Former congressman and current Fox News host Jason Chaffetz said he’s unlikely to run for Senate next year, and instead is leaning toward a future run for governor — although he left open the possibility of running for the seat currently held by Utah Sen. Mitt Romney.

But just because he’s eying the governor’s office doesn’t necessarily mean he plans to challenge current Utah Gov. Spencer Cox, a fellow Republican, in a primary election.

When asked whether he’s thinking about running against Cox, Chaffetz told the Deseret News he hasn’t decided yet.

“Not making any decisions yet on anything,” he said. “Some day, some time I am interested in running for governor. It would be an honor to do so.”

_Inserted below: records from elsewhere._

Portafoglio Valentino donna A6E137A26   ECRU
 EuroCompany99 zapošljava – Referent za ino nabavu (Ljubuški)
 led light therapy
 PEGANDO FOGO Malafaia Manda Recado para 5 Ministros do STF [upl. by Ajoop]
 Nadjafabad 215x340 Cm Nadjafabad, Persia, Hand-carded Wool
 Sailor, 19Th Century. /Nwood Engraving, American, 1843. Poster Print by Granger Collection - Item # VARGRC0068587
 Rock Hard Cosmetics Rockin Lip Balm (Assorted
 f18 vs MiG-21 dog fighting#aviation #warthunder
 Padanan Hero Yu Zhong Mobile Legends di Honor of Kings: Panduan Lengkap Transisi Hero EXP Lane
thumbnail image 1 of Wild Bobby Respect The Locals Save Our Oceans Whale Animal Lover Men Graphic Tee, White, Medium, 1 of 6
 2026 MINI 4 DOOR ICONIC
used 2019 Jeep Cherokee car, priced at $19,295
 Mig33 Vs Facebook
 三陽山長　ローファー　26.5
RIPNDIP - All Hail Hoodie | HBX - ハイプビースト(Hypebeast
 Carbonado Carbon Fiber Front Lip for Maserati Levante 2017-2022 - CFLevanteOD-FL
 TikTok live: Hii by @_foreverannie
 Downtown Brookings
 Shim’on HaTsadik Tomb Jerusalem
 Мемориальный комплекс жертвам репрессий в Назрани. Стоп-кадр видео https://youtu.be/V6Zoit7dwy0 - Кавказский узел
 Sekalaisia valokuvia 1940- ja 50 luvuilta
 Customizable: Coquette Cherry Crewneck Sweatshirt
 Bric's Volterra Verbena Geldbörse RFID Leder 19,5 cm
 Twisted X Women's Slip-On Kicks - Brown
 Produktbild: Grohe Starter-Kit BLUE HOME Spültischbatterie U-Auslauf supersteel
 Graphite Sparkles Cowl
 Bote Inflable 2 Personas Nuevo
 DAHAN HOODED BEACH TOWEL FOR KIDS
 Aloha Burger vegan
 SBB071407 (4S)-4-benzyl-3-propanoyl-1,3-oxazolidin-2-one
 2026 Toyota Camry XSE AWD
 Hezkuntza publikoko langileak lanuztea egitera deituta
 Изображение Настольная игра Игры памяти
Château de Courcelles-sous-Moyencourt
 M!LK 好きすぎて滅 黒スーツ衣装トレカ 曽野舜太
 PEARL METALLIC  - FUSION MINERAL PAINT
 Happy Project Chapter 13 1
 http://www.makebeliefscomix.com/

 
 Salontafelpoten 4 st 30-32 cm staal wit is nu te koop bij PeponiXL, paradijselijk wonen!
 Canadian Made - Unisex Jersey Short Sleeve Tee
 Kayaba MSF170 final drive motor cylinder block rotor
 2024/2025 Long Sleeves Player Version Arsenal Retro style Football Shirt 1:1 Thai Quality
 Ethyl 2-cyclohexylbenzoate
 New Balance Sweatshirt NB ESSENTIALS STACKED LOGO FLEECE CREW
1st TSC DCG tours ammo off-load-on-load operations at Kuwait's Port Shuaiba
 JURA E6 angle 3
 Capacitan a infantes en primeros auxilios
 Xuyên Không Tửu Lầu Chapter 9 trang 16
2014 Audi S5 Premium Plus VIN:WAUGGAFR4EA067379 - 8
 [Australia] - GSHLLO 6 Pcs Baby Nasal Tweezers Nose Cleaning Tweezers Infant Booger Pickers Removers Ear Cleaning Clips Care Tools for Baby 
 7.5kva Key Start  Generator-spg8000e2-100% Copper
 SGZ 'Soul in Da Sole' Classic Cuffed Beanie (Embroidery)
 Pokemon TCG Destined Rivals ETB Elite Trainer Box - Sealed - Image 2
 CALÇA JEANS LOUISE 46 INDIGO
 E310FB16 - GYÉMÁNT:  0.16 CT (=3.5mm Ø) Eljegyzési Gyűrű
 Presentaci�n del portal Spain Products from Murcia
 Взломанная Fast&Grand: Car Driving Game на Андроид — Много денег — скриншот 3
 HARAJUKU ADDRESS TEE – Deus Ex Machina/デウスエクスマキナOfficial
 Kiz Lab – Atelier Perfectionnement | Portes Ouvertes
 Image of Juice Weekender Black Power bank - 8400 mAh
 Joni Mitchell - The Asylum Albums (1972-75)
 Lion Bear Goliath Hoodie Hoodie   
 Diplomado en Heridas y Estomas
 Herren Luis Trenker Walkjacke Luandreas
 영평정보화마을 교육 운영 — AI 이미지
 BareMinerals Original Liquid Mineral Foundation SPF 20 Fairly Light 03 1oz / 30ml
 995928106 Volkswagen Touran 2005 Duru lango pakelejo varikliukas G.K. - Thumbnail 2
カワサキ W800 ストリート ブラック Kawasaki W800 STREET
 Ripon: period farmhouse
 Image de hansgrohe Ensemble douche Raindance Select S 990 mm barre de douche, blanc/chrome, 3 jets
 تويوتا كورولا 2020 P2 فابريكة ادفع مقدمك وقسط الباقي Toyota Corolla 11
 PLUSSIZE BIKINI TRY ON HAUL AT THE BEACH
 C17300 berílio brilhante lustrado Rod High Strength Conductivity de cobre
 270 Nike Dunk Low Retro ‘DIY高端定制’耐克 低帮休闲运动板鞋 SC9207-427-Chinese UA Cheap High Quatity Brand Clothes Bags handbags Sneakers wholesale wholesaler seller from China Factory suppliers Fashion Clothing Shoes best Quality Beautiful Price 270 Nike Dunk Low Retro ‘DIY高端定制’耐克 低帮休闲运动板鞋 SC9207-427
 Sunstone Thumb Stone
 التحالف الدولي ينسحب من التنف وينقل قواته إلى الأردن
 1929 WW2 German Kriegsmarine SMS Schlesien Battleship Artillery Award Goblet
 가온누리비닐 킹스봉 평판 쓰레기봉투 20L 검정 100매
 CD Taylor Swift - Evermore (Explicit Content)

Chaffetz has been floated as a possible Senate candidate in 2024, whether joining the growing list of Republicans who are looking to challenge Romney if he runs again, or jumping in the race if Romney decides against a second term.

But Chaffetz recently told ABC News he is leaning more toward a run for governor than for the Senate, although he left open the possibility of running for the Senate as he sees Romney as vulnerable among conservatives in Utah.

“He’s obviously formidable. He’s the sitting United States senator. He enjoys a good base of support. But it’s still an uphill battle,” Chaffetz said of Romney. “A lot of conservatives have serious question marks.”

Romney has been tight-lipped about a possible 2024 run. He has infrastructure in place if he decides to run — he filed paperwork with the Federal Election Commission so he can fundraise — but has also said he might decide to move on.

“If I feel like I can’t get a lot more done, why then, I wouldn’t — if you will — take the personal burden of being there. Let someone else have a chance,” he told the Deseret News in May.

But a recent Deseret News/Hinckley Institute for Politics poll shows that while Romney receives favorable marks for his job performance overall, he could be vulnerable in a Republican primary.

A poll conducted in June found that 52% of Utah voters either strongly approved or somewhat approved of Romney’s performance. But when asked whether he should run for reelection, 47% said yes and 51% said no.

Romney has already drawn one primary opponent. Riverton Mayor Trent Staggs announced in May he is running for the seat, whether Romney is in or not, while Utah House Speaker Brad Wilson is still exploring a run.